_Work instruction_
Show each line in the listing below that contains the word "with".

_Data for this task_
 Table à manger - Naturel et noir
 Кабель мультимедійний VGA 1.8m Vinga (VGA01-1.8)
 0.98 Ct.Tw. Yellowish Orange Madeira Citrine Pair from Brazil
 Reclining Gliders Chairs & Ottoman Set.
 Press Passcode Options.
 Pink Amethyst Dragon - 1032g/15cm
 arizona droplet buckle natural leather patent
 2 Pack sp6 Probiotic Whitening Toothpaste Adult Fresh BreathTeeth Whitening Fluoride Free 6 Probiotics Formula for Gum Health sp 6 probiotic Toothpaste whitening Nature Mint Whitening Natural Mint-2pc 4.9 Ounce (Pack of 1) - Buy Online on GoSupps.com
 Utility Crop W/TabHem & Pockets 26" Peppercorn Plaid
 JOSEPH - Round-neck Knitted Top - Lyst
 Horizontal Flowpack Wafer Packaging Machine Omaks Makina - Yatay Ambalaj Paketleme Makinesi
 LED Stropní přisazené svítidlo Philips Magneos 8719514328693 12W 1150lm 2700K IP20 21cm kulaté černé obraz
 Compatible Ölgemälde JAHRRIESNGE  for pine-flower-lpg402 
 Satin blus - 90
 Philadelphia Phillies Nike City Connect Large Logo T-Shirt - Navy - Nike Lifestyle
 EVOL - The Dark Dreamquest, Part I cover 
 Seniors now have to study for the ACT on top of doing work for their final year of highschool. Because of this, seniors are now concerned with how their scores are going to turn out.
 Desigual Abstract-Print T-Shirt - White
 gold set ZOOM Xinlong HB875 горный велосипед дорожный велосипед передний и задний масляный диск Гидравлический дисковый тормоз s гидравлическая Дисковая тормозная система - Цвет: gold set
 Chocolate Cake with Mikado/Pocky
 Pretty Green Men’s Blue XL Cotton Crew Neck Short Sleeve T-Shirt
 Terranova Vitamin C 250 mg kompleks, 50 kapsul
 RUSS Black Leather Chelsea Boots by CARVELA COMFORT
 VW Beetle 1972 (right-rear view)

_Reply_
 Seniors now have to study for the ACT on top of doing work for their final year of highschool. Because of this, seniors are now concerned with how their scores are going to turn out.
 Chocolate Cake with Mikado/Pocky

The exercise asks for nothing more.